Добавить в цитаты Настройки чтения

Страница 78 из 88

— Вы говорите, он был женат? — поинтересовался Роман.

Пимен Нефедович удивленно посмотрел на корреспондента.

— А ты разве не знал? Соня. Софья Дмитриевна, конечно, теперь. Славная женщина. Тоже работала на нашем заводе, потом воевала, была тяжело ранена. Сейчас живет в заводском поселке, инвалид первой группы. Вот кто тебе хорошо про Федора расскажет.

Пимен Нефедович взглянул на часы.

— Если хочешь, можем сейчас ее навестить. Я сам, кстати, давно у нее не был.

Небольшая квартирка выглядела чересчур уютно, как обычно бывает у женщины, живущей в одиночестве. На стене — увеличенное фото Коларова, а рядом — гравюра на дереве, изображающая партизанский лагерь.

— Это мне его болгарские товарищи подарили, — объяснила невысокая худощавая женщина с седыми буклями и большими бесцветными, а когда-то наверное, ярко-голубыми глазами, уловившая взгляд Романа.

Потом он сидел рядышком с ней на диване, пытаясь как можно лучше запомнить рассказ. Блокнот он не доставал, опасаясь, что может спугнуть рассказчицу.
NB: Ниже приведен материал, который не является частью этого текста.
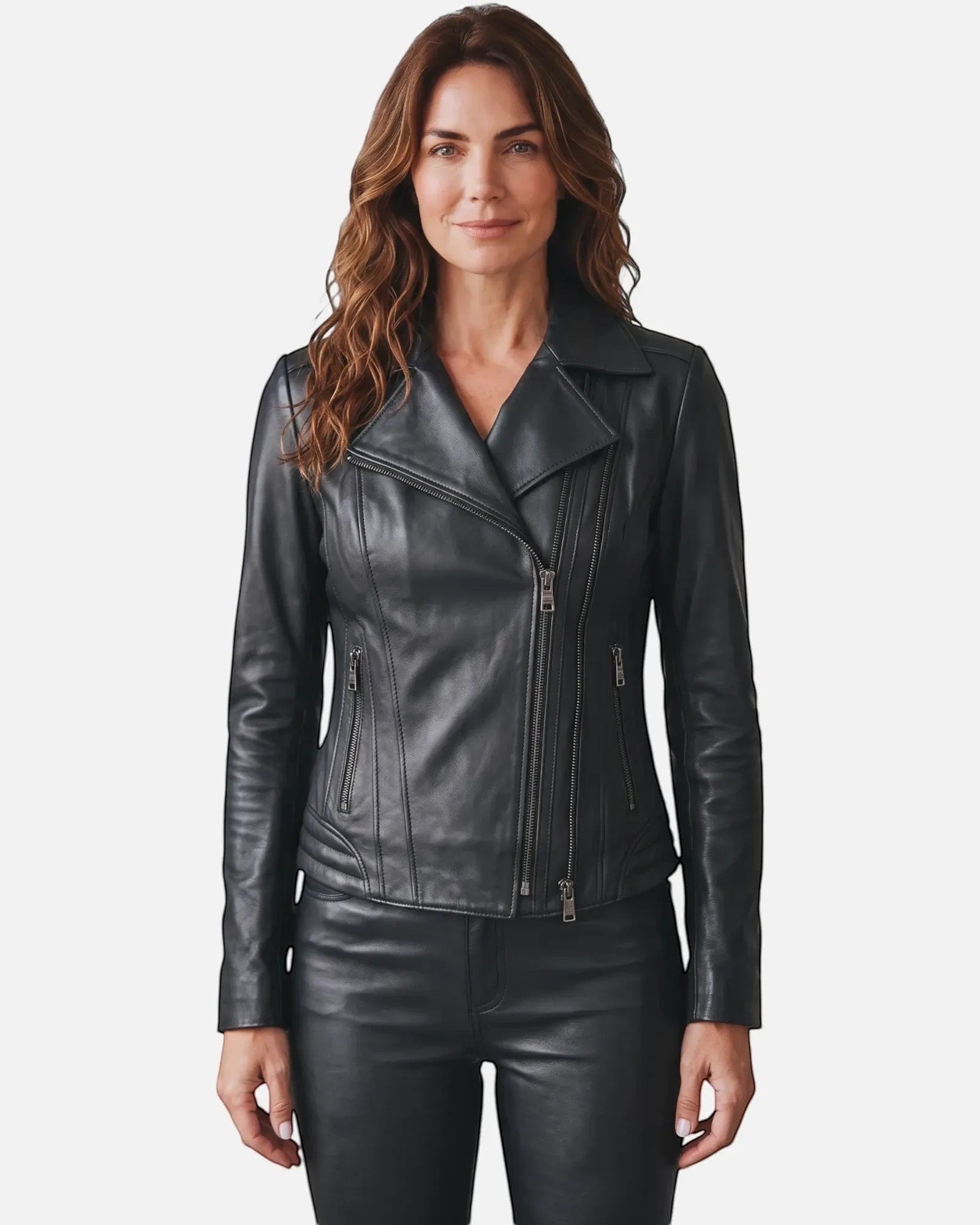 Hilda Leather Lotus black lambskin biker jacket with double side zippers worn by a woman. Antalya, Turkey.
— Сборка узлов в механосборочном цехе в то время была нелегким делом, — рассказывала Софья Дмитриевна. — Уж я-то знаю. Пришла на завод пятнадцатилетней девчонкой из детского дома. Особенно, помню, шестеренка мучила. Чуть недокрутила ее — стучит узел. Перетянула — тяжелый ход. И вот в цехе появился новый парторг Тодор Коларов. При нем и началась механизация. Стали конвейеры монтировать. Причем Тодор так умел людей зажечь, что каждый старался принять посильное участие. Конвейеры пустили, и выработка сразу резко вверх пошла. Да и качество лучше стало!

А потом поженились. Сейчас смешно вспоминать. Я одно время комсоргом цеха была, а Тодор — парторгом. Все работу с меня спрашивал. Подойдет и строго так скажет: «Покажи протокол последнего собрания», а глаза у него смеются. Я краской заливаюсь... Вместо свадьбы у нас комсомольский вечер был. Народу!.. Пили чай, а веселились до упаду...

Учиться меня заставлял. «Это, — говорит, — не мне нужно, а тебе нужно». И сам все время учился. Вся комната наша была книгами уставлена... Часто к нему по вечерам друзья приходили. Вместе читают, спорят, до петухов засиживались...

Очень чистый, очень принципиальный человек был. Помню, он тогда уже в парткоме работал, привезли из подшефного совхоза продукты для начальства. Приходит Тодор домой, видит на столе огурцы. «Откуда?» — спрашивает. Я объяснила. Покраснел он, схватился за голову: «Какой стыд! Ну, больше этого не повторится!» Что уж он там сделал, с кем говорил, не знаю, но действительно больше не привозили...

Недолго мы с ним прожили, чуть больше трех лет.

Однажды осенью 1936 года Тодор приходит и говорит: «Поехали, Сошка, в театр». Приехали мы в Большой, смотреть балет «Бахчисарайский фонтан». Мы его и раньше видели, поэтому я не столько на сцену, сколько на него смотрю, чувствую, что-то не так. И вижу — мокрые глаза у Тодора. «Что случилось? Не скрывай от меня!» — «Уезжаю я, Соня». — «Куда?» — «Не могу сказать». — «Когда вернешься?» — «Не знаю».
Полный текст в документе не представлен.